1987: il crollo ha ancora qualcosa da insegnarci

Pubblicato il: 24/10/20 7:20 PM

33 anni, nulla si muove

Non tutti sanno che il crollo del lunedì nero del 19 ottobre 1987 ebbe il suo primo epicentro ad Hong Kong. Fu la Borsa di tale Paese la prima a crollare.

E il panico fu tanto che il governo invitò la popolazione alla calma.

In Europa, gli indici crollarono in sequenza rispetto a quelli orientali. Milano ebbe un ribasso del 6%.

Così, quando aprirono i mercati americani, l’aria che tirava non era buona. E il Dow Jones crollò del 22% circa. Un botto epocale, che ricordava in modo sinistro il 1929.

Molto si è discusso di come i computer siano stati i principali responsabili di quel crollo: i computer infatti erano in uso da poco tempo e la loro reazione di vendita alla rottura dei primi supporti e di tutti quelli successivi avrebbe moltiplicato le vendite.

Questo è senz’altro avvenuto ed ha amplificato il fenomeno. Ma i computer non erano certo la causa del crollo. Era uno dei tanti modi comodi che si usano in finanza per evitare di dire tutta la verità.

La settimana precedente al crollo, la Germania aveva istituito una imposta del 10 percento sui propri titoli di stato. Questo aveva generato una naturale reazione del mercato che aveva adeguato i tassi di interesse al rialzo. Fra l’altro, detto solo per inciso, in quel periodo anche l’Italia aveva innalzato i tassi di interesse sui titoli di stato a causa dell’aumento della ritenuta fiscale dal 6.25 al 12%.

C’era quindi un clima di rialzo dei tassi in Europa, di necessità di remunerare meglio il risparmio e gli investitori, per l’insorgere della voracità degli Stati.

Gli Stati Uniti avevano un forte deficit commerciale (come hanno sempre avuto e continuano ad avere) e i dati mensili erano stati pubblicati nella settimana precedente, confermando un andamento molto negativo.

A causa di questo, gli Stati Uniti avevano bisogno, come sempre e come ora, di finanziare il proprio debito e di essere competitivi con i tassi europei. Cioè di farsi preferire rispetto alla Germania e, all’epoca, addirittura rispetto al Giappone.

Era “appena” il 1987 …  ma il mondo si chiese: quanto può durare? La necessità degli Stati Uniti di tenere un dollaro basso e di attirare capitali per finanziare il debito, una bilancia commerciale di fatto ingovernabile, per l’abitudine a consumare più di quanto si produce.

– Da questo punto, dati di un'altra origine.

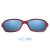 Nano Solar Clip Re-Play - NAO50020SC Matte Dark Red / Navy Clip-on Lipo Optika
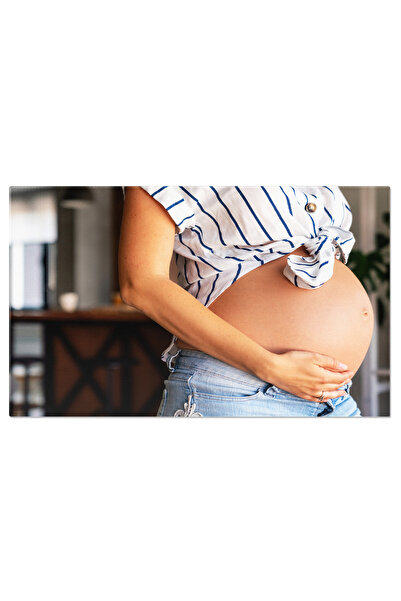 StoryGift Romania Tablou Canvas - Asteptarea Magica: Femeie Gravida, Dragoste...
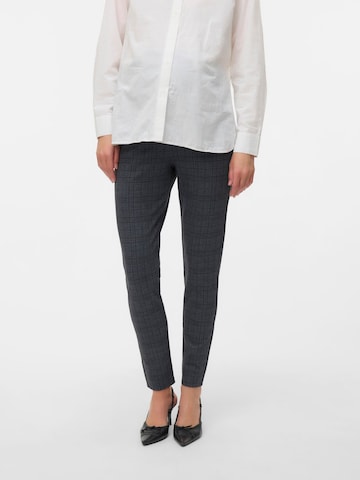 Coupe slim Leggings Vero Moda Maternity en noir : devant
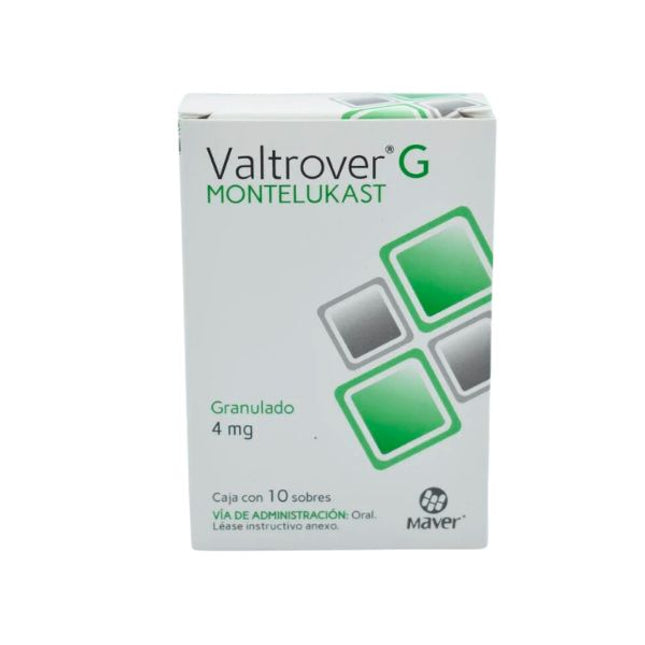Valtrover G (Montelukast) 4 mg Caja con 10 Sobres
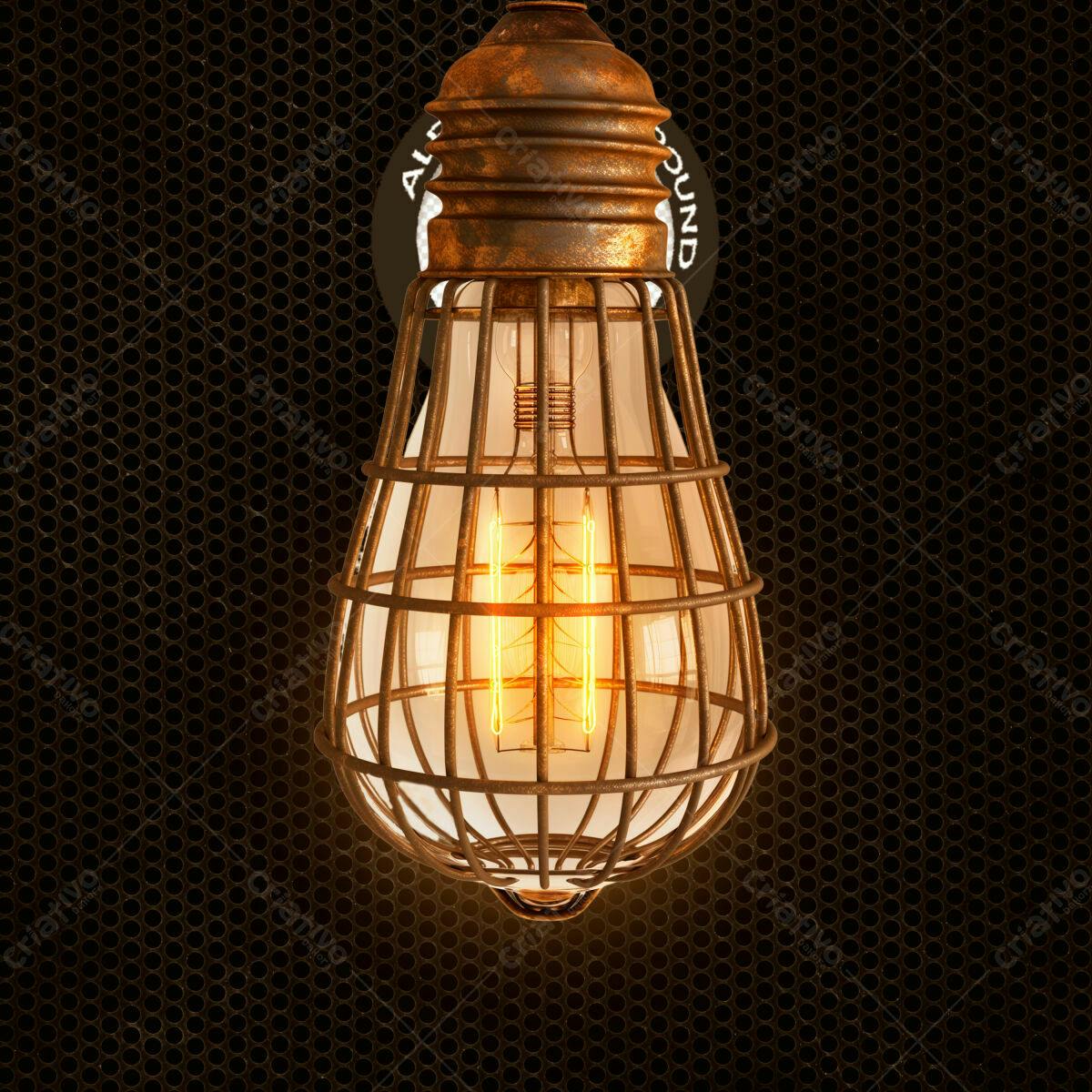 Luminária Industrial Vintage PSD Editável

E così, di colpo, gli Stati Uniti diventarono poco credibili agli occhi degli investitori. E la borsa crollò. L’impreparazione all’uso dei computer fece il resto: l’amplificazione del fenomeno fu devastante.

All’epoca non era di moda l’iniezione di liquidità per sostenere i titoli di borsa, il sistema bancario era ben diverso da quello odierno. In quel circolo vizioso saremmo entrati soltanto negli anni 2000 e soprattutto dopo il 2008.

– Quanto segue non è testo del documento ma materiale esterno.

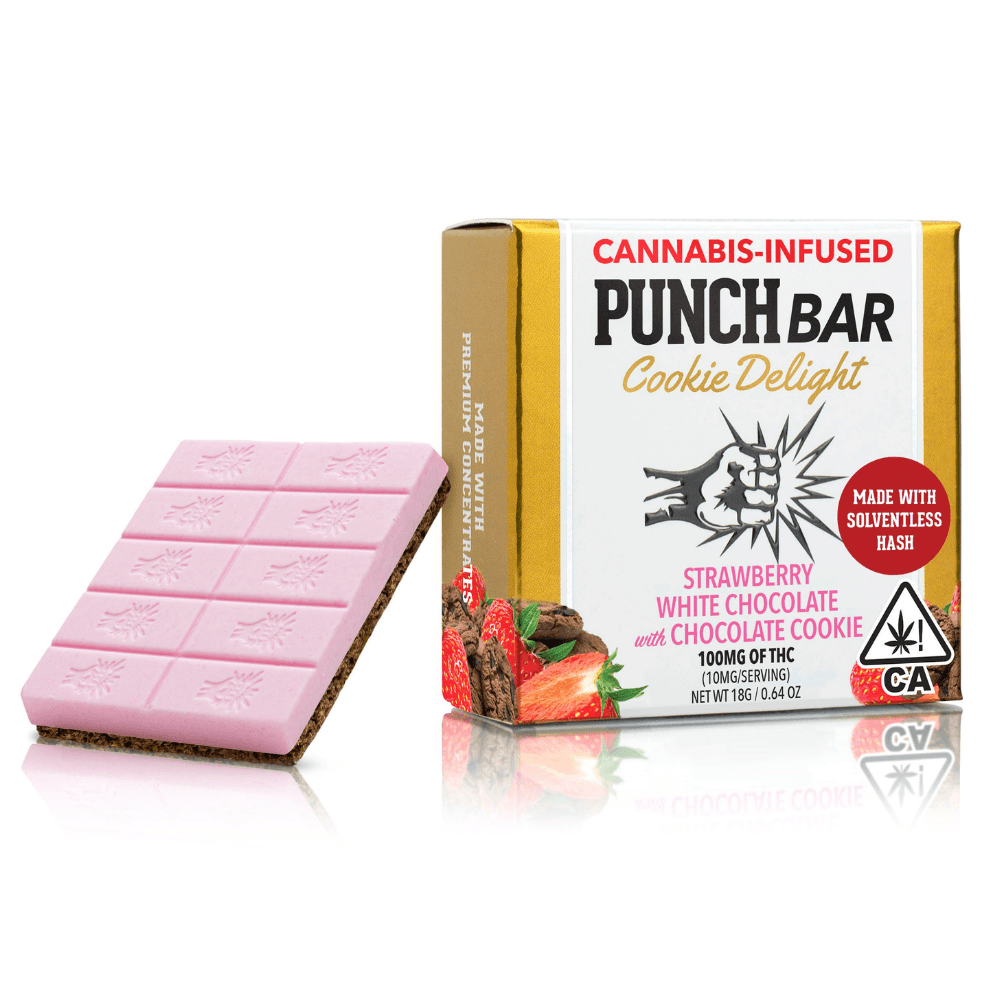Strawberry White Chocolate w/ Chocolate Cookie (100mg)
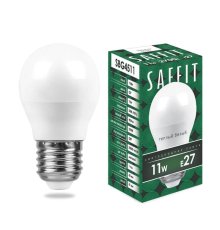 Лампа светодиодная Saffit SBG4511 шар E27 11W 2700K 55137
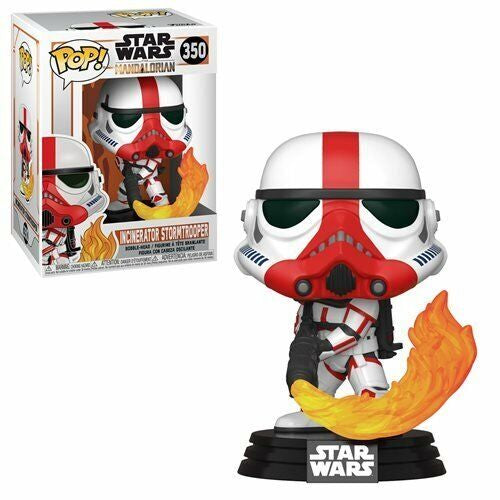 Funko Pop! Star Wars The Mandalorian - Incinerator Stormtrooper 350 + Free Protector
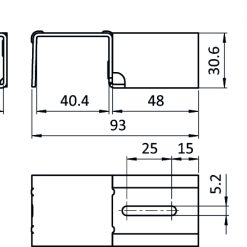 Alternative view of Holding Bracket XST 40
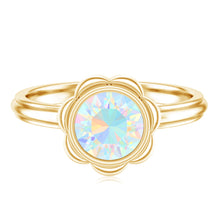 Load image into Gallery viewer, 1.5 Carat Ethiopian Opal Engagement Ring for Women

I dollari venivano stampati a raffica, producevano un po’ di inflazione sul mercato interno, e andavano in massa verso l’estero, rendendo l’inflazione controllabile rispetto all’enorme volume di moneta prodotta. La svalutazione del dollaro faceva il resto.

Finché arrivò il break even e l’altolà da parte degli investitori. In quell’orrendo lunedì nero di 33 anni fa.

È cambiato il mondo da allora? Sì. Nel frattempo il capitalismo occidentale ha trovato un modo per suicidarsi nel lungo termine, a poco a poco, includendo la Cina nel club dei Paesi con cui fare affari.  

Sono cambiati alcuni dei parametri che rende squilibrata la finanza mondiale? a partire dalla bilancia commerciale degli Stati Uniti e dalla sua necessità strutturale di essere il debitore principale del globo? No.

Finché investitori e risparmiatori continueranno ad avere fiducia, a credere che gli interventi di Santa FED e di Beata BCE funzioneranno, quale è il problema?

Come nel 1987: il problema è quando non ci si crederà più.